Great story.
l was most taken with the PeCos One, the only microcomputer to have JOSS built-in. Wow! Unfortunately, it sounds like it flopped quickly. I see the computer’s design stayed with the idea of using tape drives (two of them). APF was really stuck on that idea. It sounds like they should’ve listened to their engineers. The article seems to imply they were pressing management to offer disk drives. Unfortunately, the article doesn’t talk about the reason they didn’t go for that. Maybe it was simply to keep the price down. Adding disk drives increased the cost of a system quite a bit. It noted that Apple’s drives were cheap. Do you have any historical price information on that? My impression was that all disk drives were expensive, but I could be mistaken. Plus, you typically needed enough memory to load a disk driver, and memory was expensive. This was the case with Apples, and every other computer, except Commodore, which went the route of putting the DOS in ROM, in the disk drive, enabling it to take up no memory on the computer. Though, that meant that the disk drive had to be a computer itself, making it like buying another computer.
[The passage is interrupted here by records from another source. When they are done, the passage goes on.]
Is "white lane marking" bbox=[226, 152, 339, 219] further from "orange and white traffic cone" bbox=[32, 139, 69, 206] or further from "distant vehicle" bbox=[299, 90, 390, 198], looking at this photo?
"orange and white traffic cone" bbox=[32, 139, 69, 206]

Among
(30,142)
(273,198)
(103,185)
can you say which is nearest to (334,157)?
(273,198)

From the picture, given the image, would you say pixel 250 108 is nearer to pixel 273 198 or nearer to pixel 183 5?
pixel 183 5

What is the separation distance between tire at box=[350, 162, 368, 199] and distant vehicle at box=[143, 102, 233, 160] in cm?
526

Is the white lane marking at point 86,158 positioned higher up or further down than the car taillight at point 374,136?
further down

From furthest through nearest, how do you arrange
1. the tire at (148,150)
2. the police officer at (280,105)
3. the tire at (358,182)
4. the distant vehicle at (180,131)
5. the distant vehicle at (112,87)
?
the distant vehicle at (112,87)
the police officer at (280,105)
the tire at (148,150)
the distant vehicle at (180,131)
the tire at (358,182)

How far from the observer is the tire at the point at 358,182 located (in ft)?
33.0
I suppose the reason Apple’s drives could’ve been cheaper was they didn’t have drive controller hardware. The Apple computer acted as the controller through software. This requires memory, though, in addition to the DOS that’s loaded.
Kind of interesting the article called JOSS a “defense contractor programming language.” Eh, yeah, RAND Corp. is a defense contractor, but it’s a think tank. They don’t make weapons systems. JOSS is obscure. I’ll give the article that. I hadn’t really heard of it until probably 14 years ago. The intent with it was not just for defense work (which I’m sure it could do). The reason it’s beloved by some computing luminaries is because of its language and user interface design. It wasn’t stodgy and bureaucratic, like you’d expect from the description the article gives it. It was even whimsical. If you typed a syntax error, it would respond,
“Eh?”
Not even Applesoft Basic, the friendliest Basic I used in that era, would do that.
There’s some good video online demonstrating how to program in JOSS, how code was organized, and what you could do with what I’d call “gestures.” They weren’t commands, but symbolic gestures, describing what you wanted. Hard to say how much of this was in the PeCos version.
It’s interesting to consider that even though people likely felt alienated from the PeCos because of JOSS, it had some language features that feel familiar to Basic programmers.